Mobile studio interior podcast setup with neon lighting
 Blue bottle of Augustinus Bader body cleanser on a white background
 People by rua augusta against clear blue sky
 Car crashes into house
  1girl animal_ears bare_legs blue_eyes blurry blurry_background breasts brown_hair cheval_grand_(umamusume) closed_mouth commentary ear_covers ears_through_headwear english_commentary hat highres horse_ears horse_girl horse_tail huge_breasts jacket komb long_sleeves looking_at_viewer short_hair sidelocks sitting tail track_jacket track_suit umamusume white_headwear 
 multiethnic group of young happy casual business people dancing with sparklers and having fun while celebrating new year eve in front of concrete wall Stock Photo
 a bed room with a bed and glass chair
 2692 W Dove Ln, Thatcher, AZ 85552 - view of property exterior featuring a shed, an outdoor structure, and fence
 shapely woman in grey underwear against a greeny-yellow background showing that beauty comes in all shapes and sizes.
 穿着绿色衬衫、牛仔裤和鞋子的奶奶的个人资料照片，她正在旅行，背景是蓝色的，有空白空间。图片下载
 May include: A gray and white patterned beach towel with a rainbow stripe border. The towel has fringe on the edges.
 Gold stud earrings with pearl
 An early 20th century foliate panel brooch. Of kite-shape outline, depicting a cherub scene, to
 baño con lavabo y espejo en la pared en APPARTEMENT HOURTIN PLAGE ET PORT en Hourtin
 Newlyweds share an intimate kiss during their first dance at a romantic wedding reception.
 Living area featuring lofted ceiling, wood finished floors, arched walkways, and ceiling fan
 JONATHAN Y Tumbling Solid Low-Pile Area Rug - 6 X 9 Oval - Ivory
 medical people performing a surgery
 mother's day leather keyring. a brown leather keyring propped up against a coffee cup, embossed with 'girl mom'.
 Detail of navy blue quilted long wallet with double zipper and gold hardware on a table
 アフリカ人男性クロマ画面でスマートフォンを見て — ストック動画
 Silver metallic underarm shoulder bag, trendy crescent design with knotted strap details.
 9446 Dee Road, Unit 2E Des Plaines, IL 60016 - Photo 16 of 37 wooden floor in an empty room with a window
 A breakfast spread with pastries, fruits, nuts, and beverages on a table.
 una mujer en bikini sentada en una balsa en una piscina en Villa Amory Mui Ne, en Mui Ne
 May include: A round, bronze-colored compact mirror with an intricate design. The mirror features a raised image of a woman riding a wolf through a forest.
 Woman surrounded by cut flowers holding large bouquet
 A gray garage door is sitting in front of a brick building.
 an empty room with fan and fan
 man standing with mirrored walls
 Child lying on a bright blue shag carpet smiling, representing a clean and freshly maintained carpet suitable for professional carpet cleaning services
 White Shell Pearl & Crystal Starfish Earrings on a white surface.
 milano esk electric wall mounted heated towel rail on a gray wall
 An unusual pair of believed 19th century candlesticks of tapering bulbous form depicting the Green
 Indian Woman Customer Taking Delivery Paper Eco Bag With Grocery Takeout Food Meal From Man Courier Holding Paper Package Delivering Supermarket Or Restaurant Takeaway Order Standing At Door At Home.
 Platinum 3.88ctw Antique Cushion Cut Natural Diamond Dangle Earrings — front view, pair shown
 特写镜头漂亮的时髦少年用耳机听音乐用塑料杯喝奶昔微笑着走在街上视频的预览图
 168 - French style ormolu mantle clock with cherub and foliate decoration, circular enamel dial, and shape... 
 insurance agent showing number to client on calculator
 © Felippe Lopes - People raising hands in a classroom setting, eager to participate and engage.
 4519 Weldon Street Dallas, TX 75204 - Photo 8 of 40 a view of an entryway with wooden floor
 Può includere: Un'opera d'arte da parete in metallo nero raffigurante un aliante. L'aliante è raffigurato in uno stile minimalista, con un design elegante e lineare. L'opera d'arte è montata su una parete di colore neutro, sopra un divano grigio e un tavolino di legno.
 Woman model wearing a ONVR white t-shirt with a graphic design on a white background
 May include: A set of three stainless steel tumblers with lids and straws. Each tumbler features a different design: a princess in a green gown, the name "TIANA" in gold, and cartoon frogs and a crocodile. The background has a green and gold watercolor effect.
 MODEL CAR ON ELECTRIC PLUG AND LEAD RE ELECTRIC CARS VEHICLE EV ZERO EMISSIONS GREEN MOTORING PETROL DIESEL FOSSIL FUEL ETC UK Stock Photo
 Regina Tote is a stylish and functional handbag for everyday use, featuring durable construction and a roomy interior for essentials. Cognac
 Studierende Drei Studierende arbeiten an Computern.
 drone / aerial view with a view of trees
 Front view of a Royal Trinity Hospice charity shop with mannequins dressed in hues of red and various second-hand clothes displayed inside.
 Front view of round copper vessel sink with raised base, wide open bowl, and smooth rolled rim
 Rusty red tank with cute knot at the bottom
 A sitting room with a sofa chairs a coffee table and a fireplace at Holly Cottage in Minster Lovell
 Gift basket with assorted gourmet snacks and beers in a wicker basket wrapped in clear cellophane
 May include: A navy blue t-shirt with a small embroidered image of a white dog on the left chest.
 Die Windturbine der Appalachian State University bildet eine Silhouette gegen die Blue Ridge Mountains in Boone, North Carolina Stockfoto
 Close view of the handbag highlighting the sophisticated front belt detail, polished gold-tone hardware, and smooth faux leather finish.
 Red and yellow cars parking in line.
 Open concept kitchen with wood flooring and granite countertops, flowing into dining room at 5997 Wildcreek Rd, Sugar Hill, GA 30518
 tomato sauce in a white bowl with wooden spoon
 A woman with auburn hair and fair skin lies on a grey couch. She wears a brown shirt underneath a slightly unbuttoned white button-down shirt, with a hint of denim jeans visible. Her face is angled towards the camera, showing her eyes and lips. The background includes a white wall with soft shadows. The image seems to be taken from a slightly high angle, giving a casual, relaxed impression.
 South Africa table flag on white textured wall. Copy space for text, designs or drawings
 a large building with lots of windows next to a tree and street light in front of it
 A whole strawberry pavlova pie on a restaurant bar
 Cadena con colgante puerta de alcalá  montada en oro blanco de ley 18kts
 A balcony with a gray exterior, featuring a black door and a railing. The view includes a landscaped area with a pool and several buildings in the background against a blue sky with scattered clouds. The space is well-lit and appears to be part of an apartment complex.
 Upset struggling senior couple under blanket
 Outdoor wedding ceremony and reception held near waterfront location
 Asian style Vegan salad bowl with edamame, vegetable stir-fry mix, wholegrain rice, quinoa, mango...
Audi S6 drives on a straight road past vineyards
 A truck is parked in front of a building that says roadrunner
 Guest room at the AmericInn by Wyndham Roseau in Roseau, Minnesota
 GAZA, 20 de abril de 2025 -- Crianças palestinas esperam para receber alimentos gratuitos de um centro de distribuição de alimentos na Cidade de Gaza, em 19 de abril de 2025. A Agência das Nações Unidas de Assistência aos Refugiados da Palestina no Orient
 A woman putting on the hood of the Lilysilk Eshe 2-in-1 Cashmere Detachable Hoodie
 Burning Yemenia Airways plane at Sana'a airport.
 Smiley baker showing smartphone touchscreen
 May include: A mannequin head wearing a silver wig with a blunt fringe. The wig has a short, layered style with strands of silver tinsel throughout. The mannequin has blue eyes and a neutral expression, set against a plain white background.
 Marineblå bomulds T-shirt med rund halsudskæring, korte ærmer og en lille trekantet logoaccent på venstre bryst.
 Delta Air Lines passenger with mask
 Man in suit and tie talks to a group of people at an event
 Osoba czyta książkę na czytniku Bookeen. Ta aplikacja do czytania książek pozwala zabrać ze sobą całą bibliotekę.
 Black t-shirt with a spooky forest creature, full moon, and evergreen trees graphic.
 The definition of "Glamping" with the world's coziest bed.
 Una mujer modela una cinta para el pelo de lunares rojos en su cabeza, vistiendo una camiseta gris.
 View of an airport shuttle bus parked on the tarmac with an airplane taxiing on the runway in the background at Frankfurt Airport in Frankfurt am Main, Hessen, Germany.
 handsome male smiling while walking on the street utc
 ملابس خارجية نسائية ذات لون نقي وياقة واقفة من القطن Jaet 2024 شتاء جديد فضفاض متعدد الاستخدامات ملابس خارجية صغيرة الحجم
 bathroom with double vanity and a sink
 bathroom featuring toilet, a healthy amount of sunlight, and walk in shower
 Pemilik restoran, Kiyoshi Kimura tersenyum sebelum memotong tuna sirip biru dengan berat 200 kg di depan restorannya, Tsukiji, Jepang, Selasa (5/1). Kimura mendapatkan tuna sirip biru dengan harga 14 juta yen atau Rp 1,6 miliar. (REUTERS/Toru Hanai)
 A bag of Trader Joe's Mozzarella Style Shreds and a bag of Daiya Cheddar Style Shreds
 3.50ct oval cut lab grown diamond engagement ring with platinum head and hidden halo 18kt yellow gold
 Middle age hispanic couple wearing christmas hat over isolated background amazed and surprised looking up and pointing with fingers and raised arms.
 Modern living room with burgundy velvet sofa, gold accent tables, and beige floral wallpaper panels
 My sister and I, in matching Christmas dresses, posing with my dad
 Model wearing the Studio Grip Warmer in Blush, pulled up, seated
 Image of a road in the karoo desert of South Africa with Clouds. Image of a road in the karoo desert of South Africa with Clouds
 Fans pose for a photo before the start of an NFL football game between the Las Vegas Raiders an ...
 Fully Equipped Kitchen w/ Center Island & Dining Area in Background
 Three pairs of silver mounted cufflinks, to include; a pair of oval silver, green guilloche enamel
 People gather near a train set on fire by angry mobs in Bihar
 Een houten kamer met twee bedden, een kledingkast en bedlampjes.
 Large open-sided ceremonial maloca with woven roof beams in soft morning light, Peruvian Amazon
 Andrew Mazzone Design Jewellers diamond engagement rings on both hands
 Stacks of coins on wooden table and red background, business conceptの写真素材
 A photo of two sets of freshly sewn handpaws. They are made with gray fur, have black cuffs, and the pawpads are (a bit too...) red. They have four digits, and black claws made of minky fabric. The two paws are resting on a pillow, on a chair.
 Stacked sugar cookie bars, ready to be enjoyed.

____________________

> _Prompt_
Return, word for word, the lines of the data above from the line with "Burning Yemenia Airways" through the line with "Smiley baker showing smartphone touchscreen", inclusive.

> _Answer space_
 Burning Yemenia Airways plane at Sana'a airport.
 Smiley baker showing smartphone touchscreen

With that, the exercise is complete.